Directions
Apart from the pictures, reproduce the data below exactly as it stands.

Records for processing below:

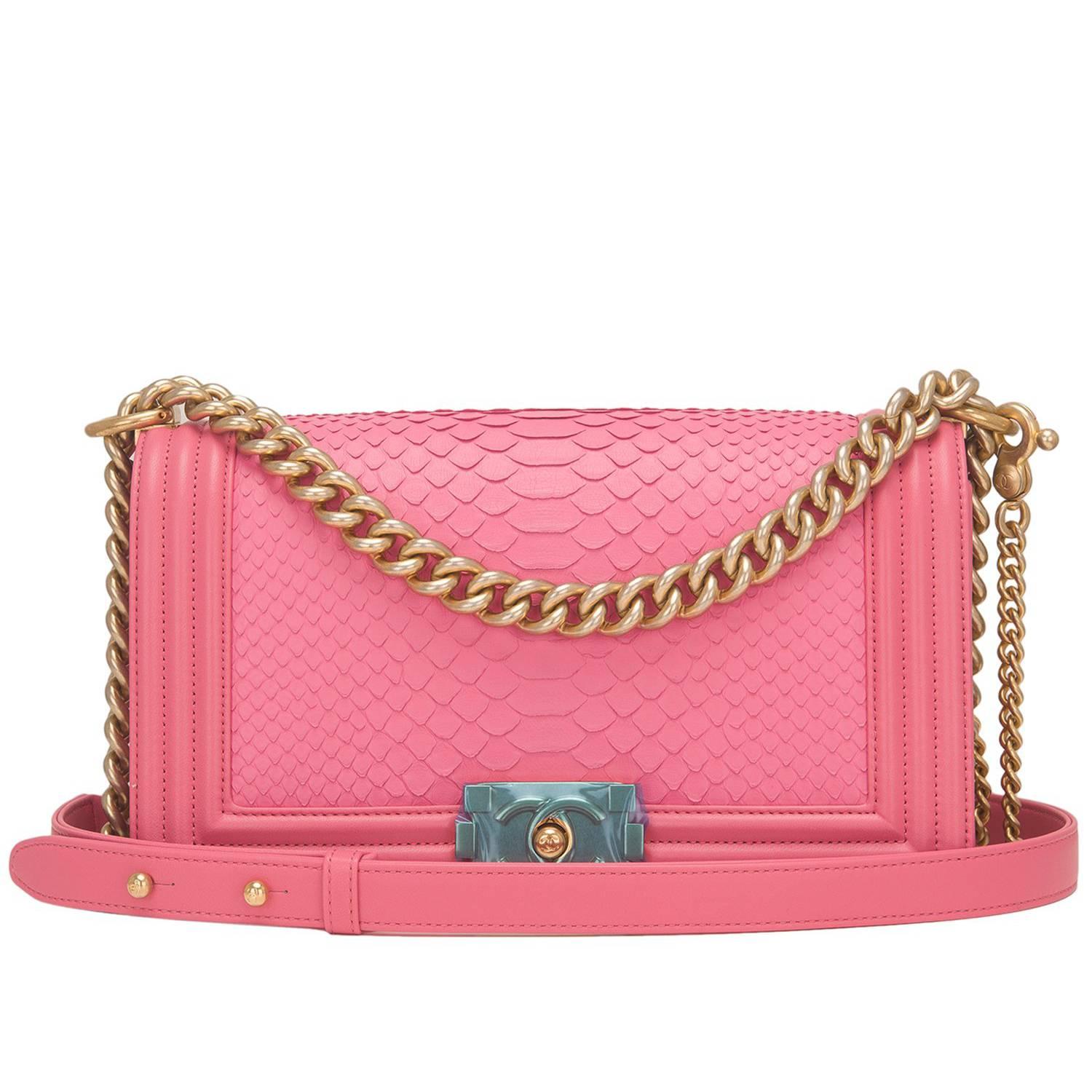 Chanel Pink Python Medium Boy Bag For Sale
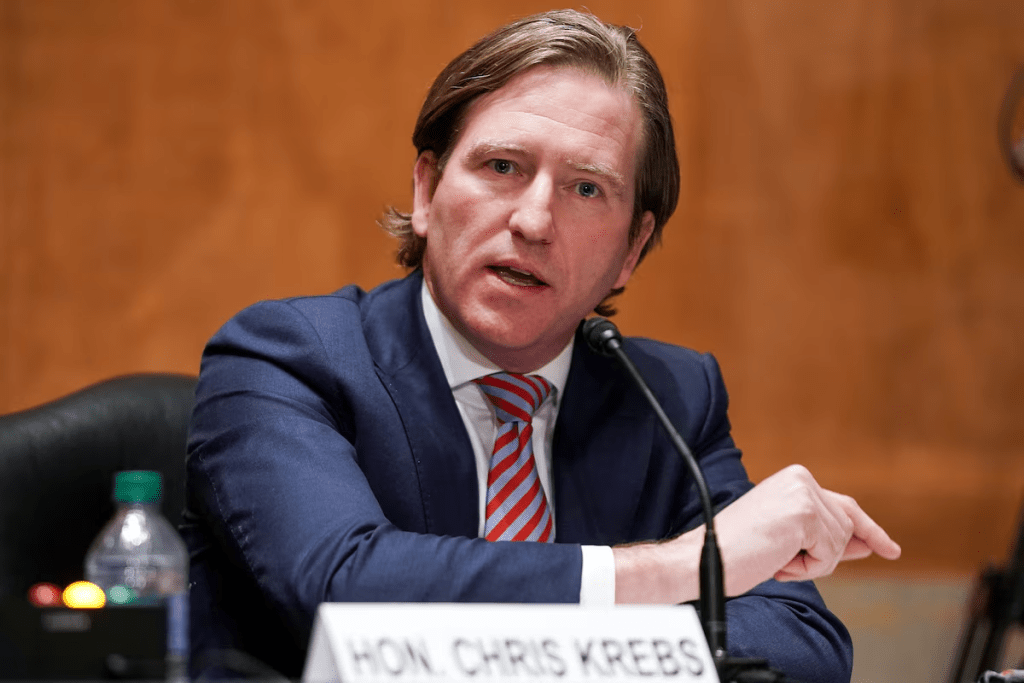 Christopher Krebs, former director of the Cybersecurity and Infrastructure Security Agency, testifies during a Senate Homeland Security & Governmental Affairs Committee hearing to discuss election security and the 2020 election process, in Washington, U.S., December 16, 2020. Greg Nash/Pool via REUTERS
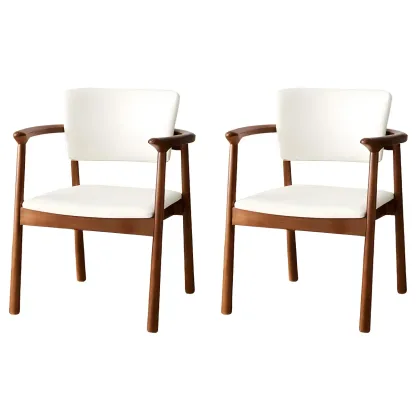 Modern Upholstered Rubberwood Arm Dining Chair Set of 2 Image - 16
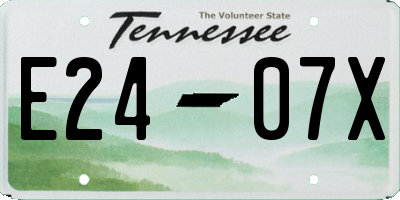 TN license plate E2407X
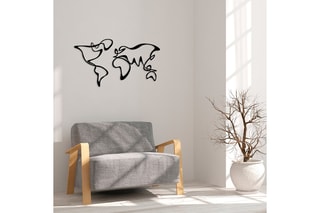 Decoração de parede World Map 15 - 120 x 69 cm - Preto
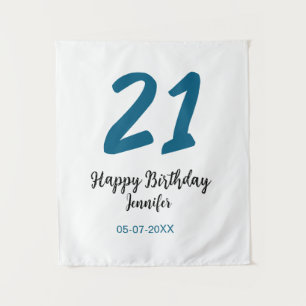 21 Geburtstag fett blauen Buchstaben einfach minim Wandteppich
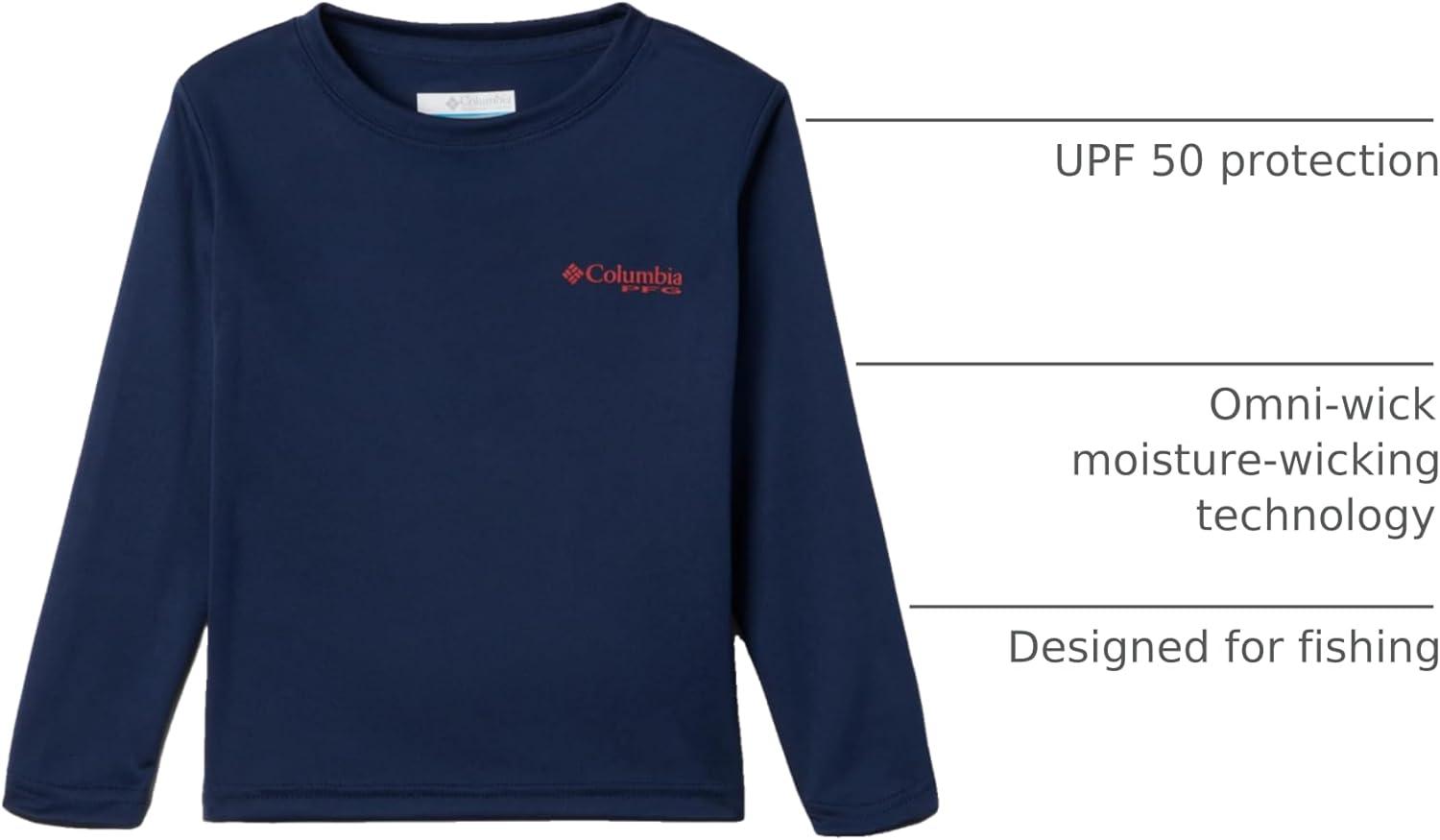 imageColumbia Boys Terminal Tackle Long Sleeve TeeCollegiate NavyRed Spark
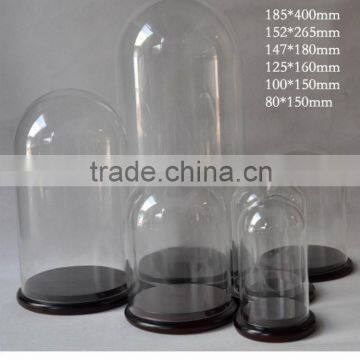 Hot Sale Clear Glass Bell Jar Dome With Wooden Base in Many Size photo-2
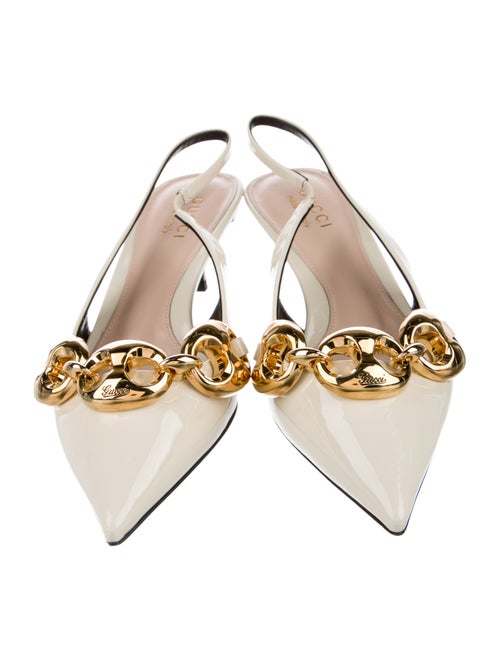 Gucci GG Nylon Patent Leather Slingback Pumps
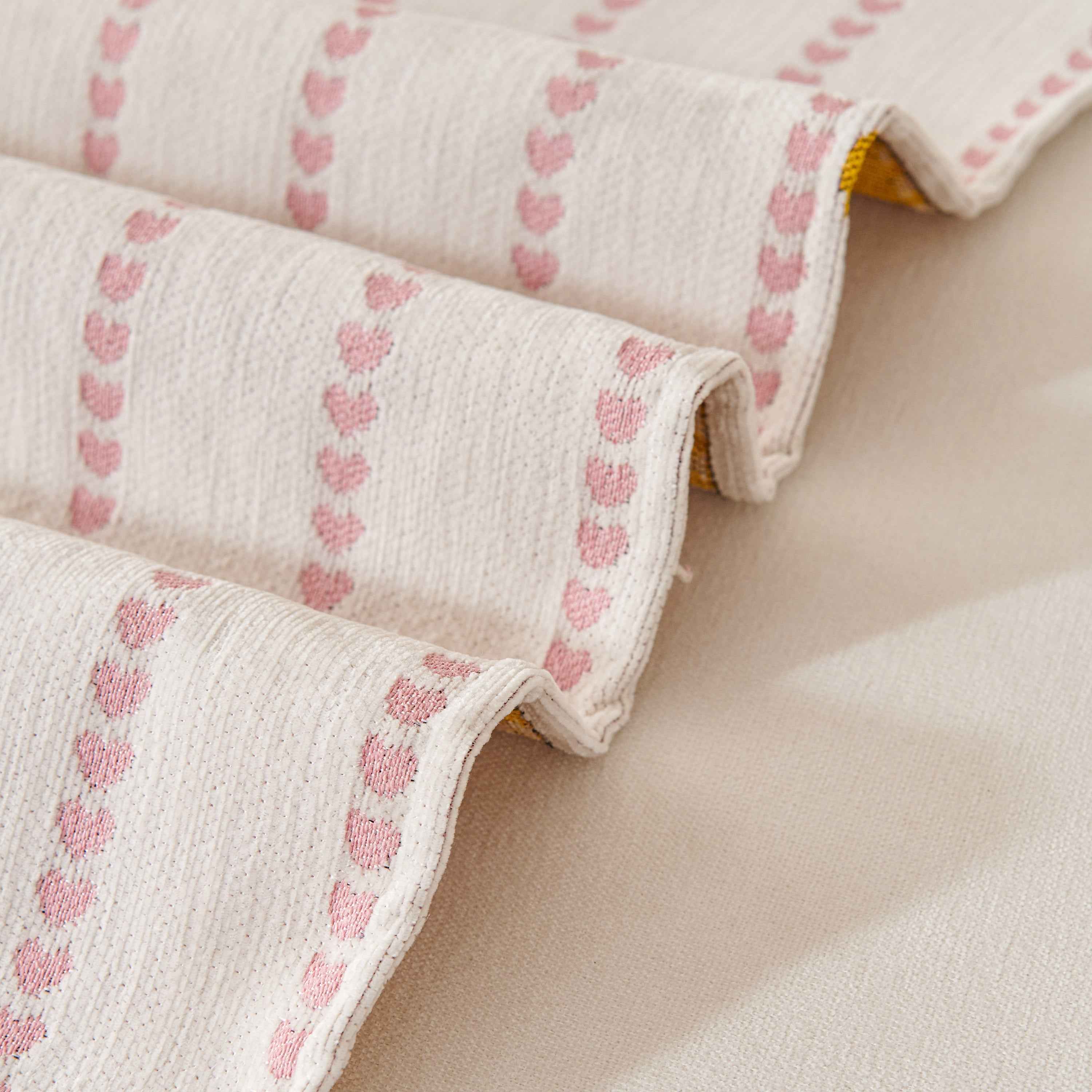 Cute Dotted Stripe Couch Protector, Non-Slip Washable Sofa Cover with Ruffled Skirt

End of Records for processing.

Reply
 Chanel Pink Python Medium Boy Bag For Sale
 Christopher Krebs, former director of the Cybersecurity and Infrastructure Security Agency, testifies during a Senate Homeland Security & Governmental Affairs Committee hearing to discuss election security and the 2020 election process, in Washington, U.S., December 16, 2020. Greg Nash/Pool via REUTERS
 Modern Upholstered Rubberwood Arm Dining Chair Set of 2 Image - 16
 TN license plate E2407X
 Decoração de parede World Map 15 - 120 x 69 cm - Preto
 21 Geburtstag fett blauen Buchstaben einfach minim Wandteppich
 imageColumbia Boys Terminal Tackle Long Sleeve TeeCollegiate NavyRed Spark
 Hot Sale Clear Glass Bell Jar Dome With Wooden Base in Many Size photo-2
 Gucci GG Nylon Patent Leather Slingback Pumps
 Cute Dotted Stripe Couch Protector, Non-Slip Washable Sofa Cover with Ruffled Skirt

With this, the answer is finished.